Angled Chair, Across the Table.
I sit at the table and across
the distance, what measure should
I invent to measure such distances?,
is the chair angled to one side,
left as you last sat in it, restoring
to me your presence that I can only
imagine and not sense, not sense
but invoke, like an ancient sound
or an ancient memory: first of summer, because this is winter, of a koel singing at my window in a far away landscape and as my feet turn cold: another, of winter, fog rising from an exhaling earth that window becoming opaque and the koel's song being left to be remembered in wisps of smoke rising from blown candles and blown memories.

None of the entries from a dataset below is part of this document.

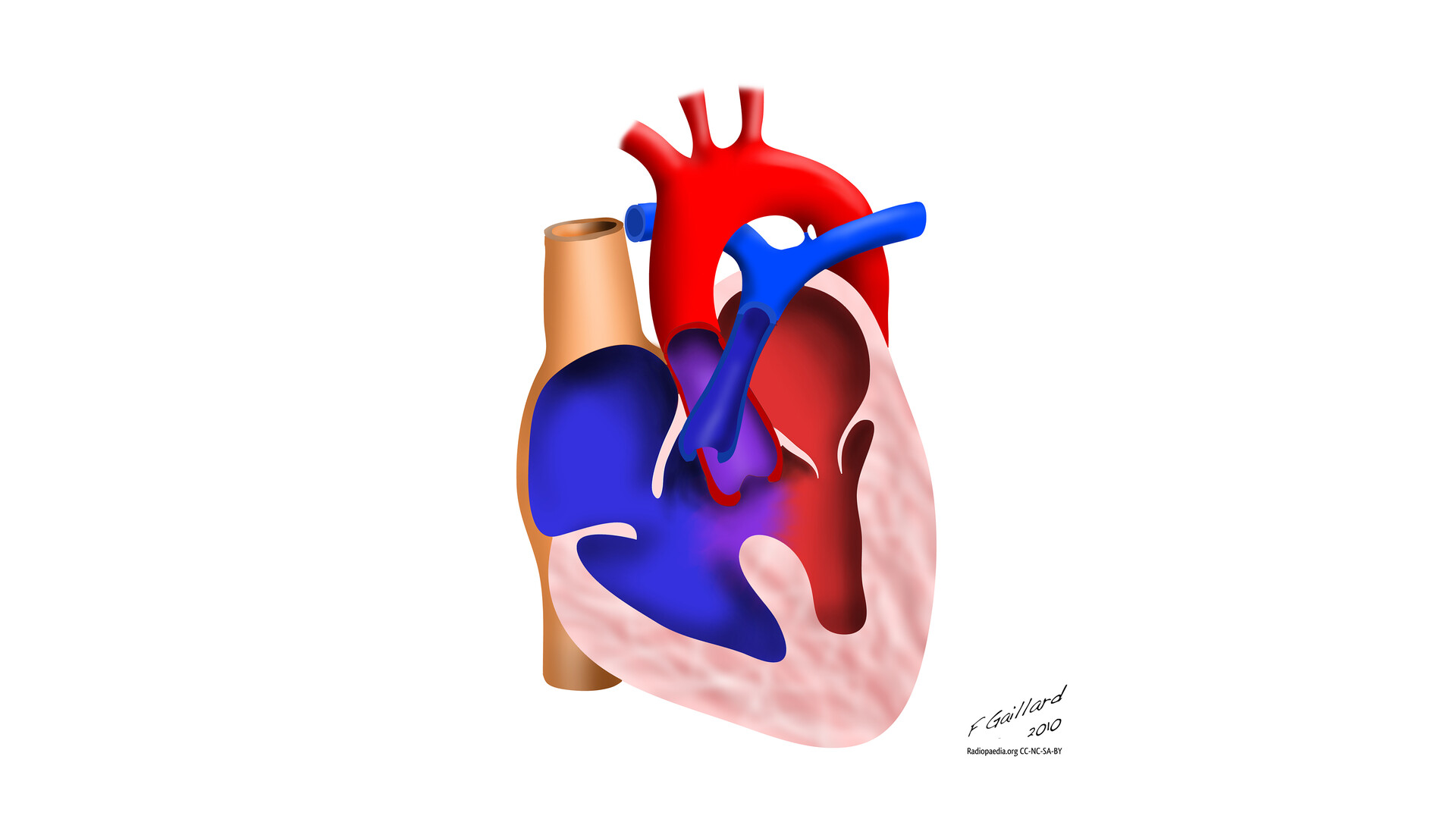 Tetralogy of Fallot (TOF): Causes, Diagnosis, Treatment - StoryMD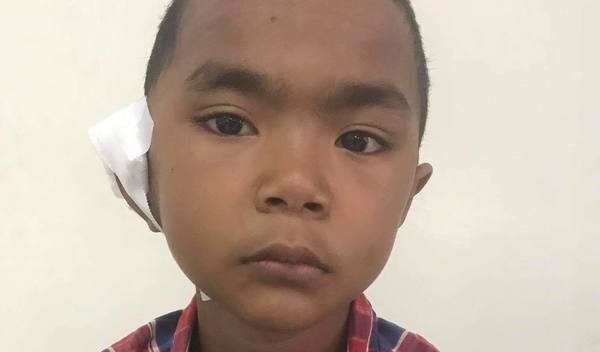 Photo of Phearith post-operation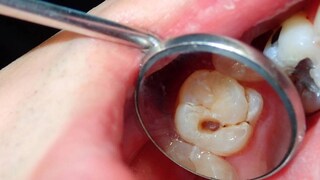 নিমের দাঁতনের সবচেয়ে গুরুত্বপূর্ণ উপকারিতা হল এটি শরীরের কফ দোষের ভারসাম্য বজায় রাখে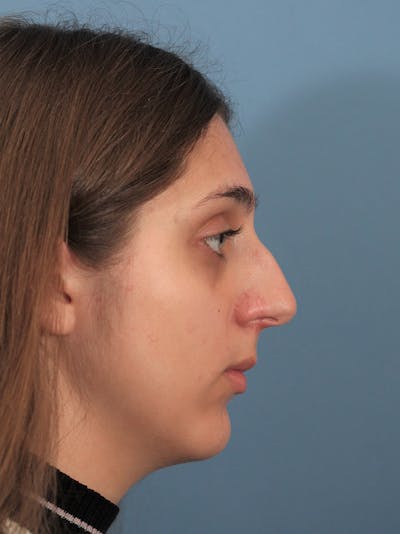 Rhinoplasty Before & After Gallery - Patient 148519291 - Image 1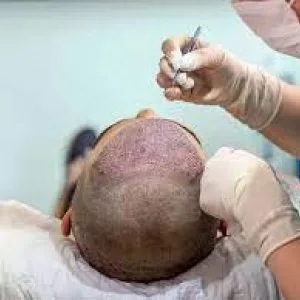 Best hair transplant in nashik | dr pranay thakur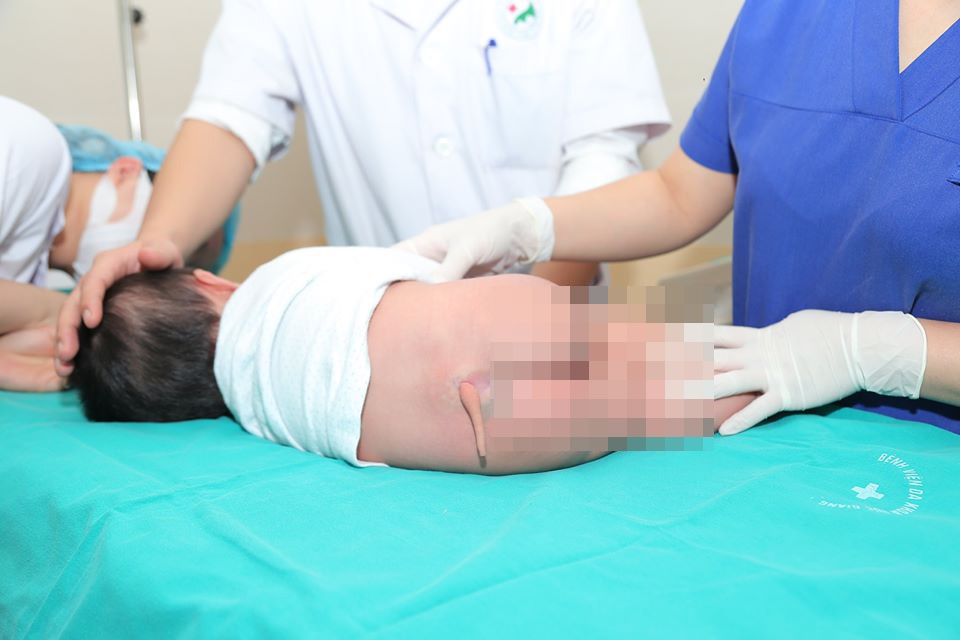 Bé gái ở Hà Nội có đuôi dài gần 10 cm ở mông ảnh 1 Be gai o Ha Noi co duoi dai gan 10 cm o mong anh 1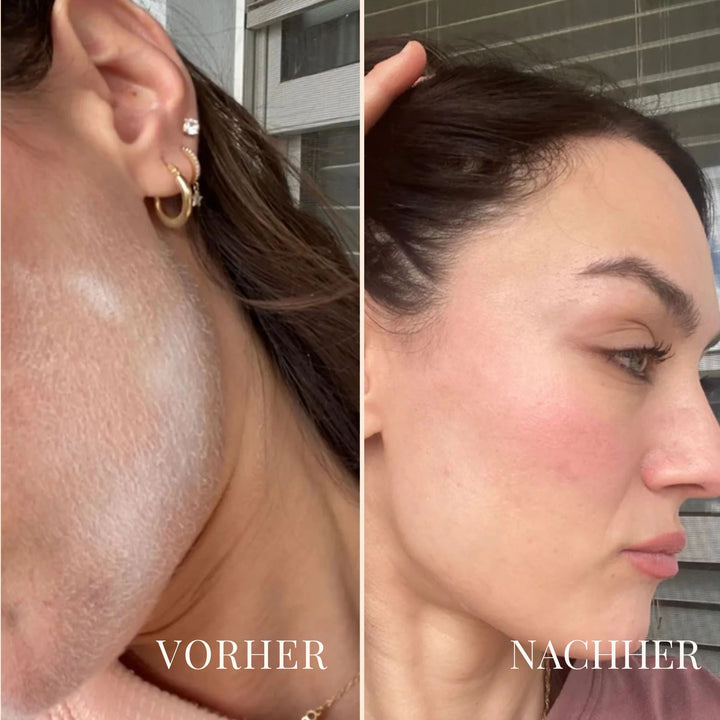 PeachAway Gesichtshaarentferner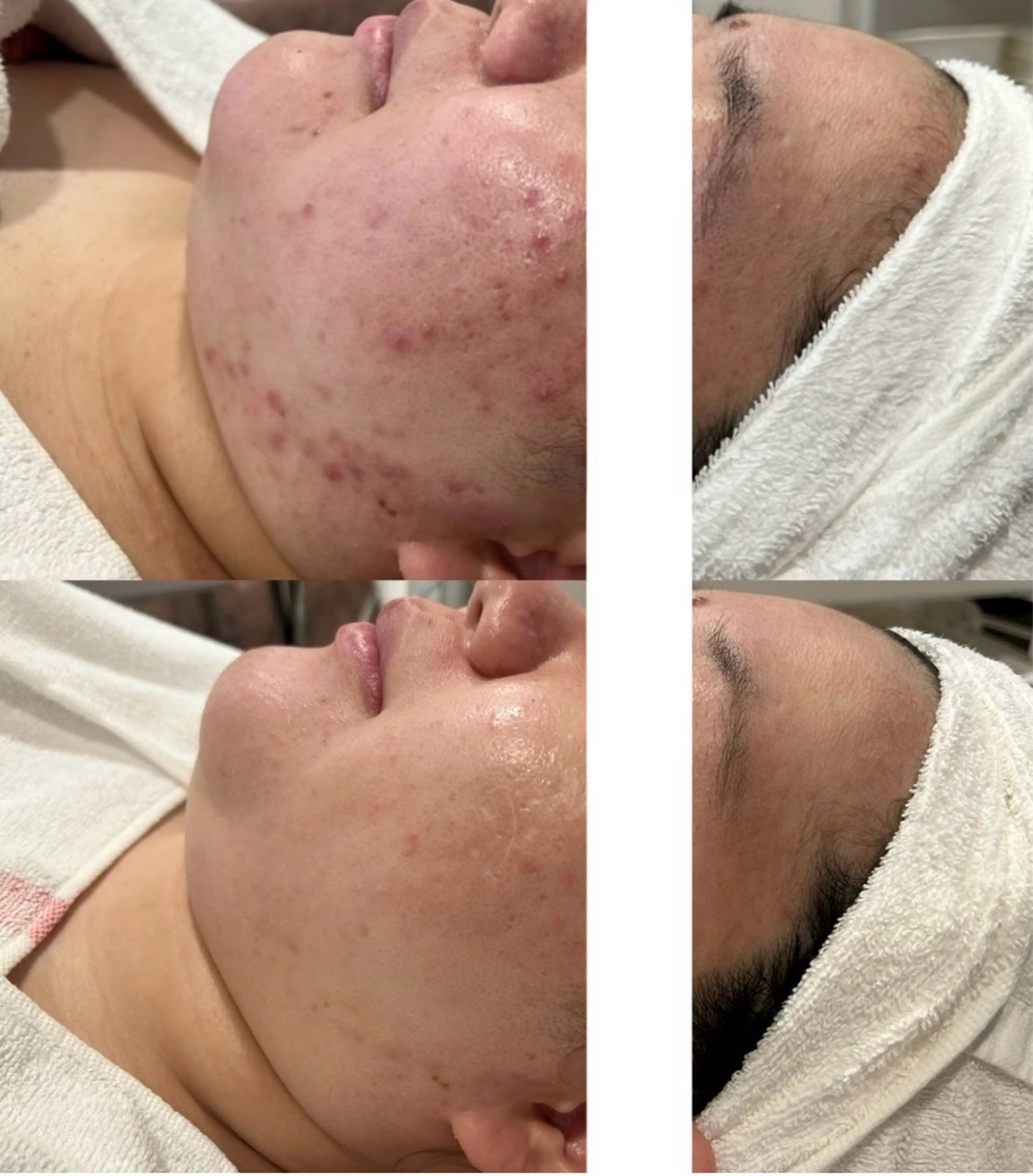 【長年お悩みの方お任せ下さい✨】肌悩み別フェイシャルエステ⭐︎生コラーゲン入りでふっくら🫧60minの写真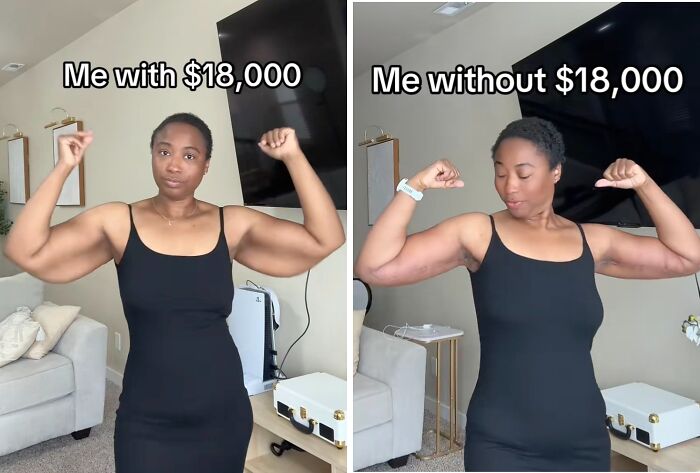 Before and after comparison of a woman showing changes in arm appearance related to plastic surgery results.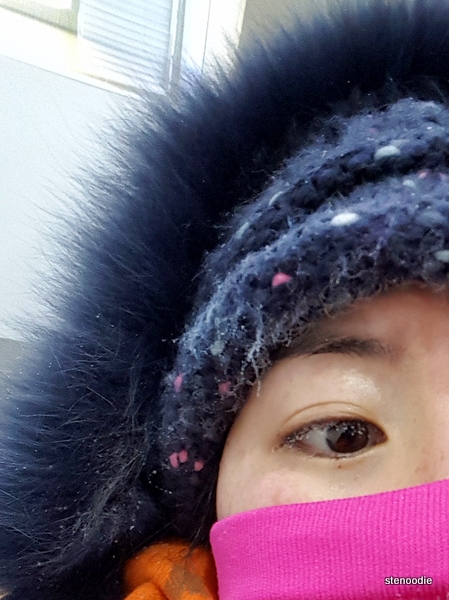  Frozen eyelashes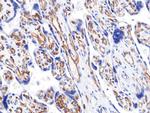 VEGF Receptor 2 Antibody in Immunohistochemistry (Paraffin) (IHC (P))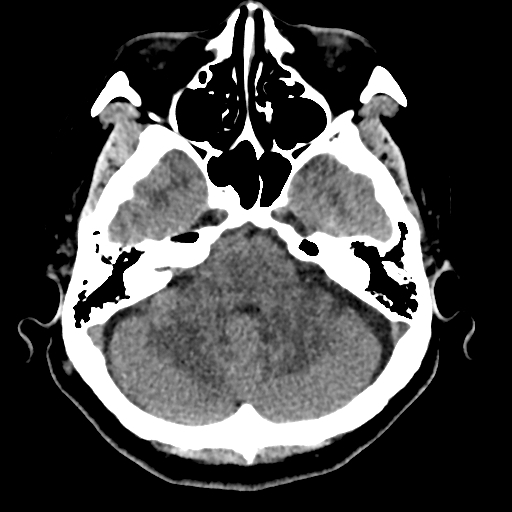 Bilateral subacute subdural hematoma (Radiopaedia 69240-79018 Axial non-contrast 12).jpg
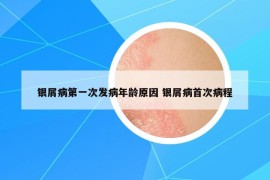 銀屑病第一次發(fā)病年齡原因 銀屑病首次病程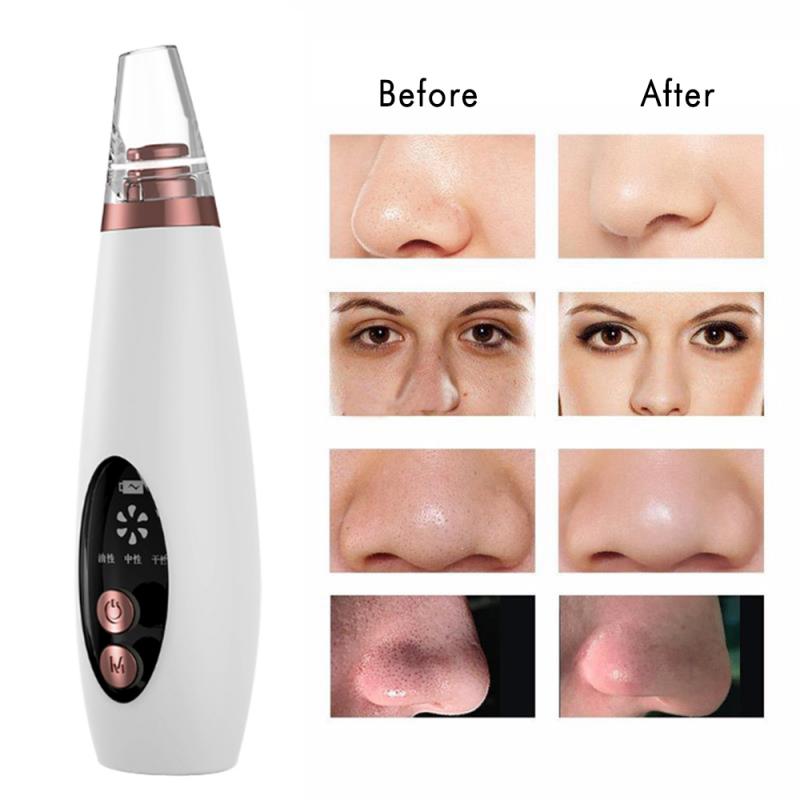 6/5Head Electric Blackhead Remover Pore Acne Pimple Removal Vacuum Suction Face Nose T Zone Deep Cleaner Machine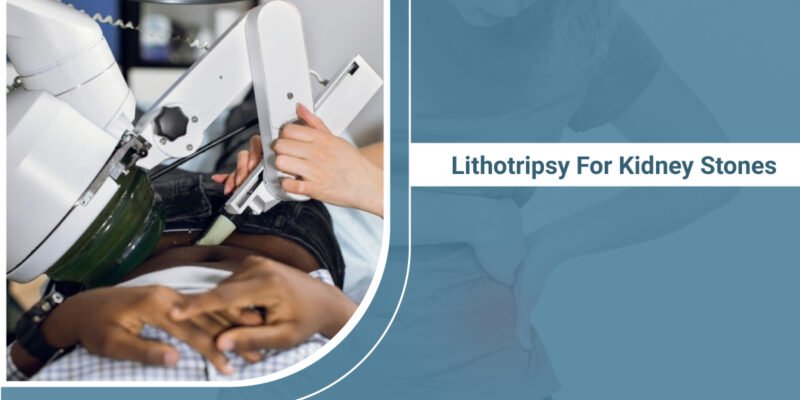 Lithotripsy For Kidney Stones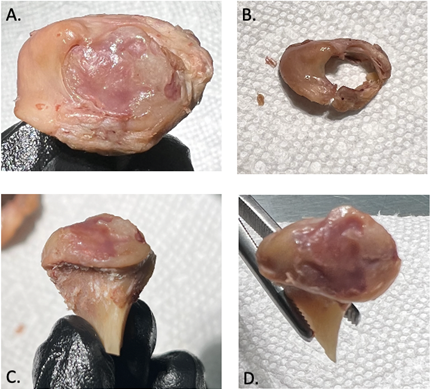 Figure 2: Demonstrates the disease severity of the mandibular condyle, fossa and articular disc on the 88-years-old male donor. (A) Image represents the residual articular disc, represented by a ring of fibrocartilaginous tissue surrounding the circumference of the mandibular condyle. (B) Image represents the articular disc dissected away from the condyle. (C) Image represents an anterior view of the condyle. (D) Image represents a superior view of the substantial cartilage erosions on the condyle.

And in between these two memories, I am in a room of white curtains, I am standing behind them looking into where you sit, a single tress frames your angular face as it swings and sways a swing suspened from a pepul tree, the river flows, sound of breaking waves, and I am being risen towards a sky of blue, closer and closer but never reaching as the Laws, like gravity, that apply in exact measure, divide me between memories, divide memories between countries and divide countries within me, I am in one country, my memory in another and you have already left for another: across that distance, I can call but can't measure,(what measure should I use and what measure should I invent?)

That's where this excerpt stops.